After disposing of St. John’s in a super regional sweep, the Wildcats and the not-so-young Wildcats found themselves in TD Ameritrade Park in Omaha, where Lopez promised they’d be if they followed his two rules: “Be on time, and do the right things,” Lopez said. “That’s it.”

“What they’ve accomplished, and they’re not done yet, I hope, but what they’ve gotten done is up to this point is basically what we strive for every day,” Lopez said.

The juniors, who all entered Omaha with jaw-dropping batting averages over .300 after five postseason games took their time disposing of Florida State, defeating them 4-3 in 12 innings, thanks to Heyer, who pitched 9.1 innings in the game but was not a factor in the decision.

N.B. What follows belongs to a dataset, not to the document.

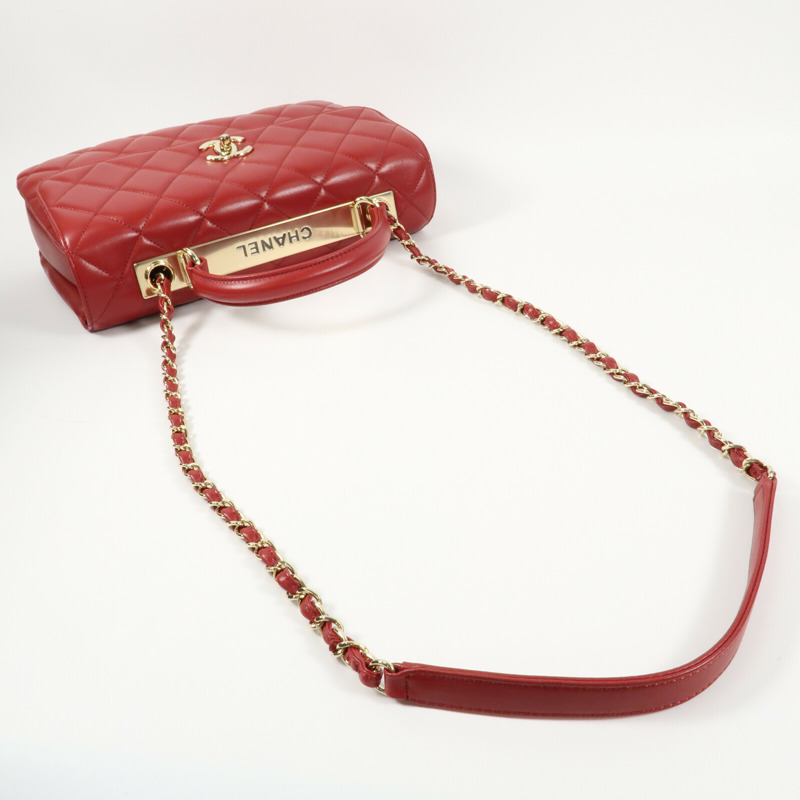 CHANEL 羊皮皮革Trendy CC金扣鏈帶手挽肩背兩用袋-8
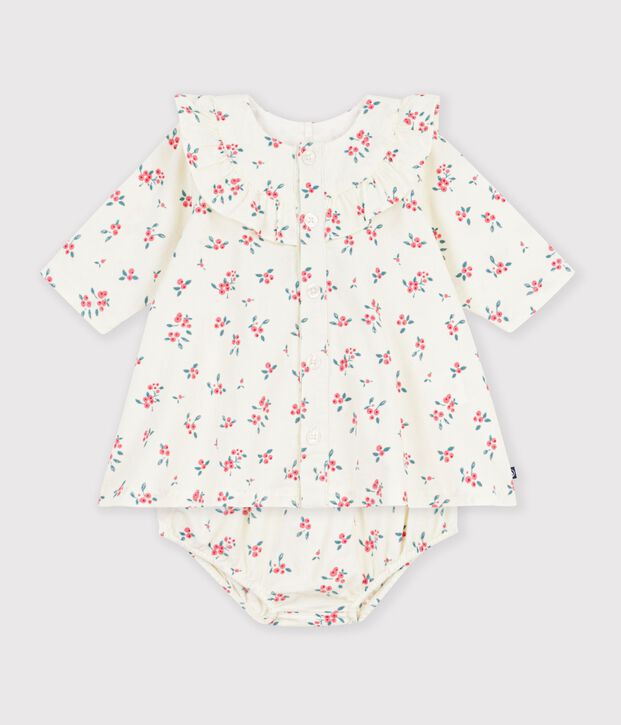 Babies' floral print cotton dress Ecru/multicolor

Sophomore starter Konner Wade shutout UCLA on Tuesday, but not without the help of three of the total four runs scored by Refsnyder, Mejias-Brean and Mejia. The Seminoles forced a second game with Arizona after eliminating UCLA, but – to put it nicely – the Wildcats ended that one quickly, scoring six runs in the first inning and four in the fourth to eliminate Florida State Thursday afternoon, 10-3.

Now, here they are. Promises from Lopez kept, potential from five players realized and two wins away from a national title.

“Having the experience of losing and feeling what it feels like to go back on a charter plane and nobody talks, it’s a depressing feeling,” Refsnyder said. “I think we’re on a mission this year, myself and Kurt and the other juniors to really get the College World Series and now we’re in a position to win a national title.”